There are object references within the TML, that need GUIDs from the Server. Using the REST API commands, you can get these GUIDs.

This extends our example from above, pulling the guid of a Worksheet and replacing it within the TML object.

    # Find the GUID of the Worksheet to switch to
    new_worksheet_name = 'Worksheet We are Switching To'
    ws_guid = ts.worksheet.find_guid(new_worksheet_name)
  
    # You need to specify the original Worksheet name, in case not all Answers use
    # that particular WS. It will only replace where it finds a match
    o_lb_ws_name = 'Original WS'

    # Switch Liveboard to the new worksheet
    lb.update_worksheet_on_all_answers_by_fqn(original_worksheet_name=o_pb_ws_name, new_worksheet_guid_for_fqn=wg_guid)

Every TML class (see section below) has methods for swapping in FQNs in place of the 'pretty names'. There is an example called `tml_create_new_from_existing.py` which shows a full process of remapping from Tables to Worksheets through Liveboards and Answers. 


### Note on JOINs (POSSIBLY DEPRECATED)
JOINs between tables in ThoughtSpot are objects in the system that exist with their own unique IDs.

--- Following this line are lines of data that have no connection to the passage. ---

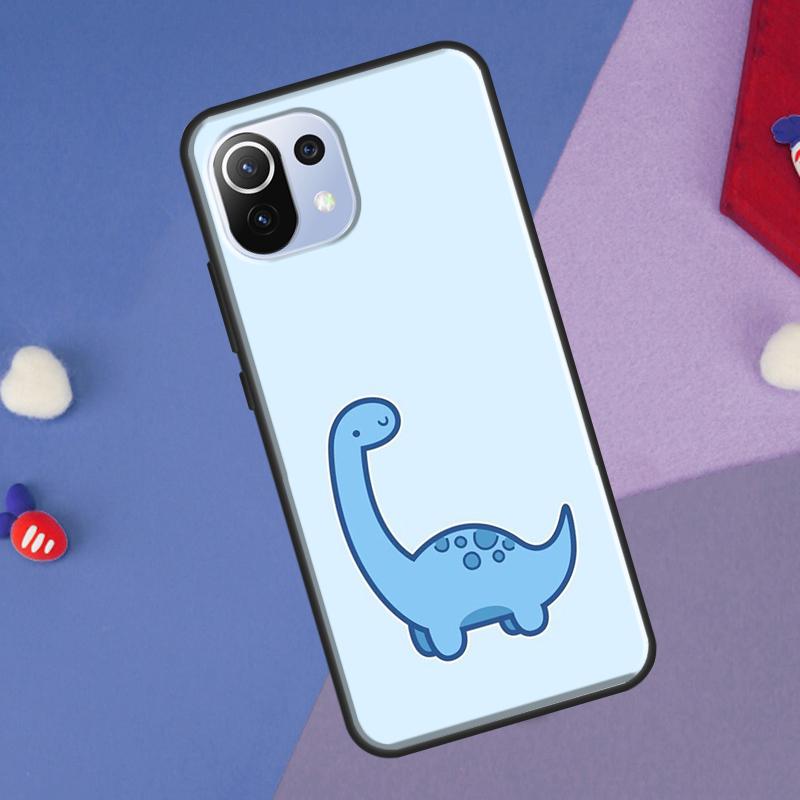 Cute Dinosaur Baby Cover For Xiaomi 14T Pro 11T 12T 13T 13 14 Ultra POCO X7 Pro X3 X5 F3 F5 F6 M6 X6 Pro Case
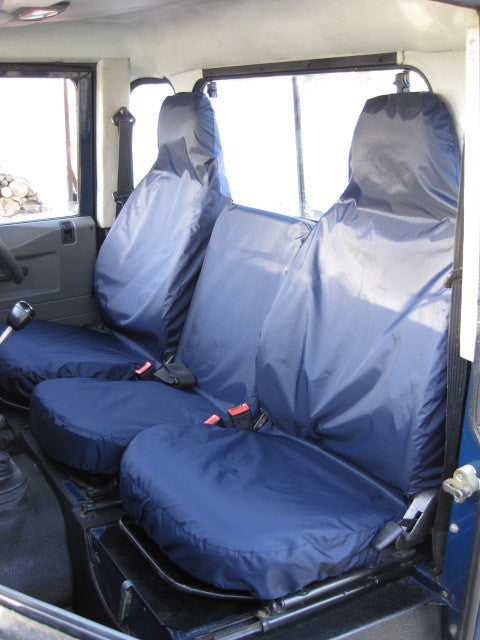 Land Rover Defender 1983-2007 Tailored Seat Covers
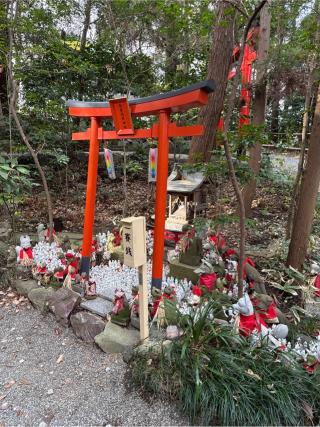 狐塚(白笹稲荷神社)の参拝記録(⛩️🐍🐢まめ🐢🐍⛩️さん)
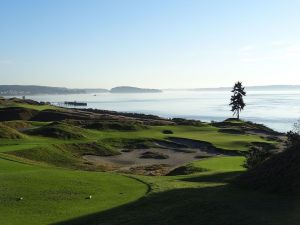 Chambers Bay 15th Shadows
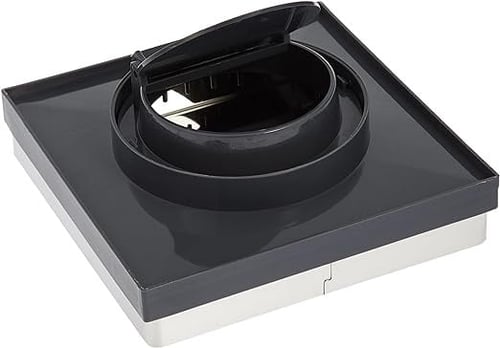 اكوا بلاست صفاية بلاط من الستانلس ستيل ايطالي مقاس...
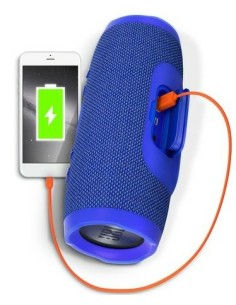 JBL Charge 3 Altoparlante portatile stereo Blu 20 W 2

At the current time, they are named automatically and the names are not unique by default.

To ensure that TML publishing works, you should manually add some type of random number or alphanumeric to the end of the automatically generated JOIN name so that every JOIN has a unique name.

Ex. If you have a JOIN named "DIM_TABLE_1_DIM_TABLE_2", press "Edit" and rename to: "DIM_TABLE_1_DIM_TABLE_2_z1Tl" or some other pattern that guarantees uniqueness.